Tout cela, on le devrait, semble-t-il, à la perspicacité de l’Ambassadeur Bob Rae et aux récentes initiatives du Canada que son franc-parler aurait inspiré. Évidemment, j’applaudis à tout rompre ce changement d’attitude du Canada envers Haïti et je souhaite vivement que d’autres pays, dits amis d’Haïti, suivent son exemple bientôt, sans trop rechigner, sans éviter de piler rageusement sur ces pontes de l’anarchie, du chaos et de la déchéance du pays, en les esquintant là où ça leur fait le plus mal.
Pour le moment, on vit encore d’espoir, un espoir fragile qui nous a si souvent éludés, comme pour nous faire filalang. Le professeur Jacquy Lumarque, Recteur de l’Université Quisqueya, lui, se dit optimiste. Il croit que:«sortir Haïti du chaos actuel est de plus en plus à la portée des acteurs politiques haïtiens», à la lumière de ces derniers développements, bien sûr. Espérons qu’il a raison de l’être, que cette fois, ce sera la bonne, que les fusils se tairont pour de bon, que les forces vives et rédemptrices du pays prévaudront et que la racaille, à tous les niveaux, en pantoufles et armés jusqu’aux dents, tout comme ceux-là, bardés de diplômes ou riches comme Crésus, prendra définitivement son trou, pour ne plus revenir hanter ce pays qui pourrait devenir si attrayant et si enchanteur, s’il était finalement débarrassé de tous ces malandrins.
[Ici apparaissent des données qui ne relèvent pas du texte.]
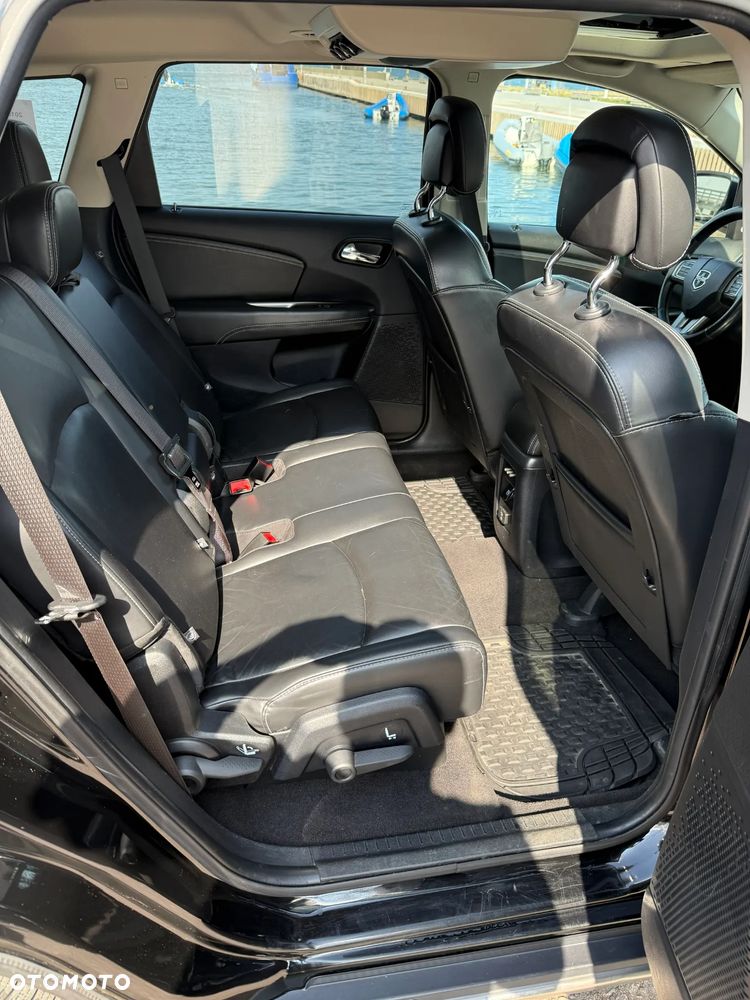 Dodge Journey - 8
Madigra, nou pa p pè w ankò! Et si les initiatives du Canada, à la suite de ces interventions ciblées et du ballet diplomatique de l’Ambassadeur Bob Rae, peuvent y contribuer, alors bravo, monsieur l’Ambassadeur ! Que grand bien nous fasse, et que le soleil de la renaissance du pays brille enfin dans son firmament rasséréné. Toutefois, en d’autres temps plus opportuns, il nous faudra prendre un moment pour comprendre le fin mot de nos déboires et l’imbrication de toutes les complicités conjuguées qui nous y ont conduits. Ce n’est qu’ainsi qu’on cassera les cercles vicieux de notre Histoire. Mais, pour le moment, il faut souhaiter que ce sentier, débroussaillé par ces initiatives, aboutisse aux rails qui conduiront à un retour à la paix, à la normalité constitutionnelle et, enfin, au développement du pays. Il faut parfois savoir saisir la balle au bond et en tirer le meilleur parti possible.